NOAA-OWP / DMOD

Distributed Model on Demand infrastructure for OWP's Model as a Service
Other
7 stars 15 forks source link

Normalize path values in configuration data within context of job workers #407

Open robertbartel opened 1 year ago

robertbartel commented 1 year ago

Some configuration data applicable to various DMOD jobs involves paths. Examples include paths to other configuration files, BMI module shared libraries, data files/directories, etc.

Paths in configuration data need to be valid within the context of the job worker's file system. Because users are generally not expected to be aware of this file system structure, functionality must be added to DMOD so that it can normalize these path values.

The normalization must be done at some point between receiving the data from the user (via form, direct file upload, etc.), but the best place for this still needs to be determined. Two initial possibilities are:

There are also implications to consider from the ngen-config dependency, in how it validates paths (in particular when applicable types are used within the data service, which won't always have the backing config data loaded).

aaraney commented 7 months ago

This is blocked until the following are merged:

aaraney commented 5 months ago

This is also now blocking this work:

robertbartel commented 5 months ago

@aaraney, can you clarify the blocking relationship with https://github.com/NOAA-OWP/ngen-cal/issues/119; i.e.:

aaraney commented 5 months ago

This issue can be completed without https://github.com/NOAA-OWP/ngen-cal/issues/119. However, if https://github.com/NOAA-OWP/ngen-cal/issues/119 is introduced, changes will be required to DMOD source inclusive of the feature discussed in this issue.

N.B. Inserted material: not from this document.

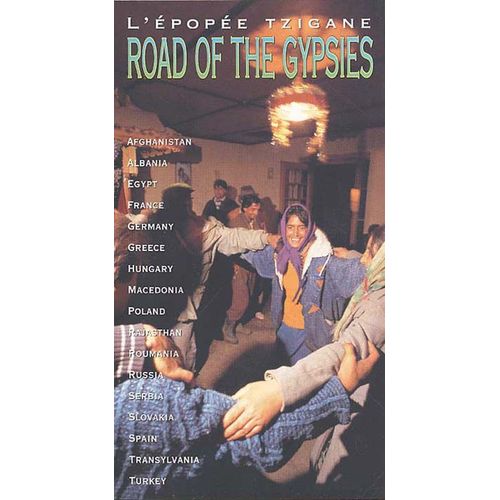 Road Of The Gypsies : L'épopée Tzigane D'afghanistan A La Turquie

robertbartel commented 3 months ago

@aaraney, in thinking about #637, #654, #593, and similar issues, I'm considering whether we need to adapt/extend dataset formats and data orchestration behavior in certain ways that will be significant to this issue. We might need to discuss some of this further.

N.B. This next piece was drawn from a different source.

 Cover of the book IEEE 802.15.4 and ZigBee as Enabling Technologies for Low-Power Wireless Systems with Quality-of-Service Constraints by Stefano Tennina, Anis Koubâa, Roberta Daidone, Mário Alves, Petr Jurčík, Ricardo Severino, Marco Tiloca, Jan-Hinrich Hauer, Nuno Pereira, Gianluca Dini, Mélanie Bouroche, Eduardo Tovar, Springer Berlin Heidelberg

For one, we may need to store certain data that comes in the form of a large number of individual files as archives for performance reasons. Also, we may need to have a way to truly download data locally on disk (i.e., of the actual host node) for containerized workers, perhaps to a simple Docker volume or something. These likely both have implications on how we set up paths in configs to find the data within the workers.

Archiving files before uploading to an object store (e.g., generated BMI init configs) is orders of magnitude faster, but means workers would need to extract things. Retrieving all data files all at once - even without archiving - also appears to be orders of magnitude faster, at least for forcings CSV, than retrieving files one at a time.